Braxton Bragg
A Man Keen to Blame Others
A truism about generals is that their greatest skills lie in fighting and perhaps even winning the last war. With the acuity of hindsight, generals (along with politicians, war widows, and corporals), can see what mistakes were made and sometimes even why and can try to ensure that the same mistakes are not made for the same reasons again. But this is true only if the generals are skilled, although skill is to some extent mitigated by external factors.
This is far more important than, for example, having access to overwhelming force, for overwhelming force deployed without sense just increases the potential for a very high body count.
Braxton Bragg, a general in the Confederate Army, seemed to have learned little from previous wars. Or perhaps he simply learned the wrong things. At any rate, his actions during the War Between the States and afterward made him far more a villain than many others who acted no worse than he did. There was a reason for that: This involves not so much the facts themselves (although these are not entirely incidental) but rather the way in which historians have chosen to portray Bragg.
The previous phrase is not meant to suggest that historians such as McPherson have behaved unethically or capriciously in their descriptions of Bragg as a man out of his depth. But rather that history can be told through a range of different lenses. The role of the historian is to choose a lens. The role of the historiographer is to compare the different lenses that different historians have chosen and to caution that no single historical narrative arc is ever sufficient.
Historian James McPherson called Braxton a “bumbler,” a title he bestowed because of the stolidness of Braxton’s tactics, tactics so bereft of imagination that his men were bound to be slaughtered. Again and again, Bragg depended on a full frontal assaults — in Breckinridge’s attack on Stones River and at Shiloh — despite the fact that this type of assault had been proven ineffective (to say the least) throughout the Civil War. The Civil War was arguably the first modern war in terms of the type of weapons that were used and the ways in which they were used as well as the ways in which civilian infrastructure was recruited to the military effort.

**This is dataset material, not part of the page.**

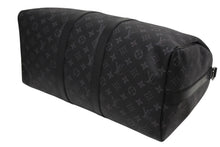 Load image into Gallery viewer, LOUIS VUITTON ルイヴィトン キーポル バンドリエール45 ボストンバッグ M40569 モノグラム エクリプス ブラック 美品 中古 4b011323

Even Bragg’s staunchest supporters admonished him for his quick temper, general irritability, and tendency to wound innocent men with barbs thrown during his frequent fits of anger. His reluctance to praise or flatter was exceeded, we are told, only by the tenacity with which, once formed, he clung to an adverse impression of a subordinate. For such officers — and they were many in the Army of the Mississippi — Bragg’s removal or their transfer were the only alternatives to an unbearable existence. (Cozzens, 1990, p. 4)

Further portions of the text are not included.